_Recorded information_
= = = = = = =

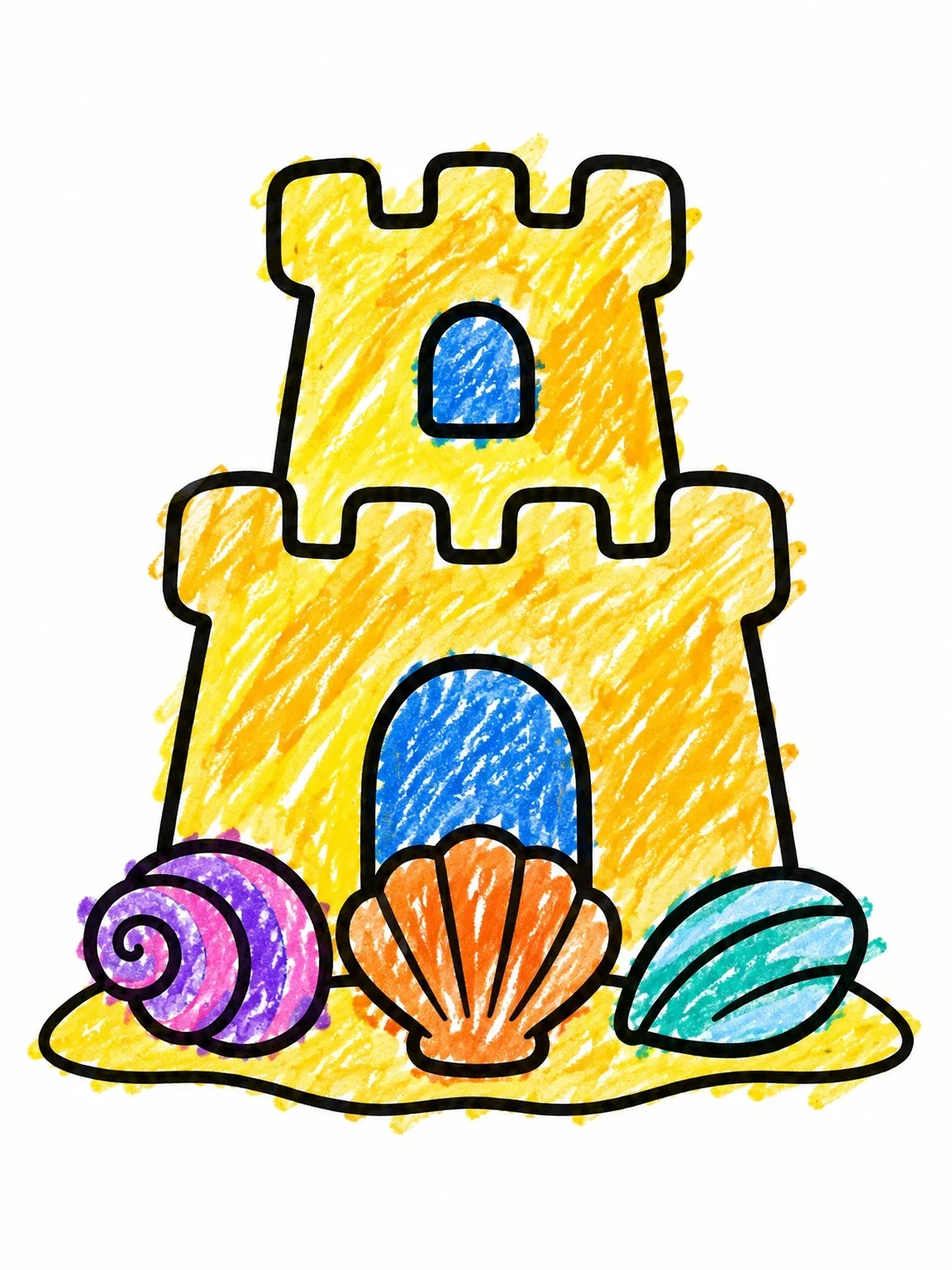 Colored example of the Simple Sandcastle With Seashells coloring page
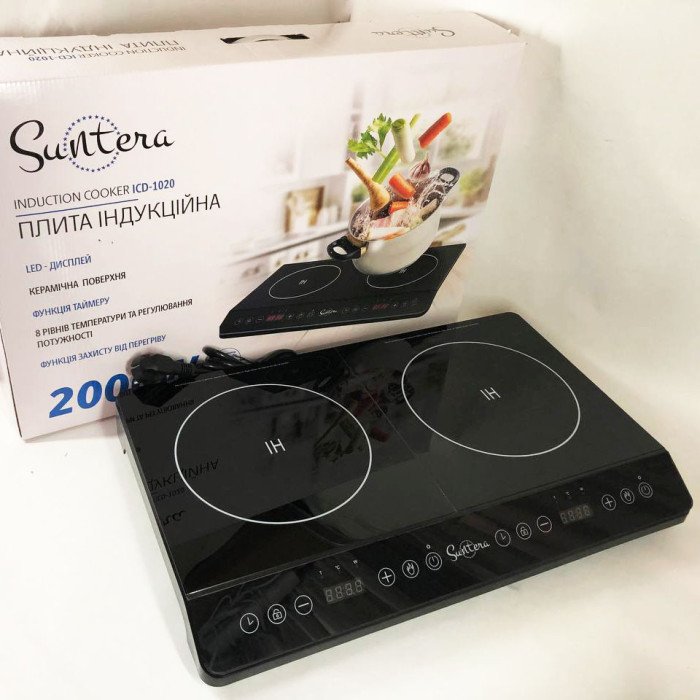 Електроплита індукційна інфрачервона Suntera ICD-1020 з дисплеєм LED (2000 Вт)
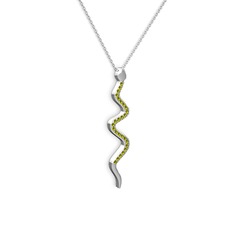 Retil Yılan Kolye - Peridot 8 ayar beyaz altın kolye (40 cm beyaz altın rolo zincir) #6koko7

= = = = = = =

_Task objective_
Could you print the whole listing again, exactly, leaving the pictures out?

_Answer section_
 Colored example of the Simple Sandcastle With Seashells coloring page
 Електроплита індукційна інфрачервона Suntera ICD-1020 з дисплеєм LED (2000 Вт)
 Retil Yılan Kolye - Peridot 8 ayar beyaz altın kolye (40 cm beyaz altın rolo zincir) #6koko7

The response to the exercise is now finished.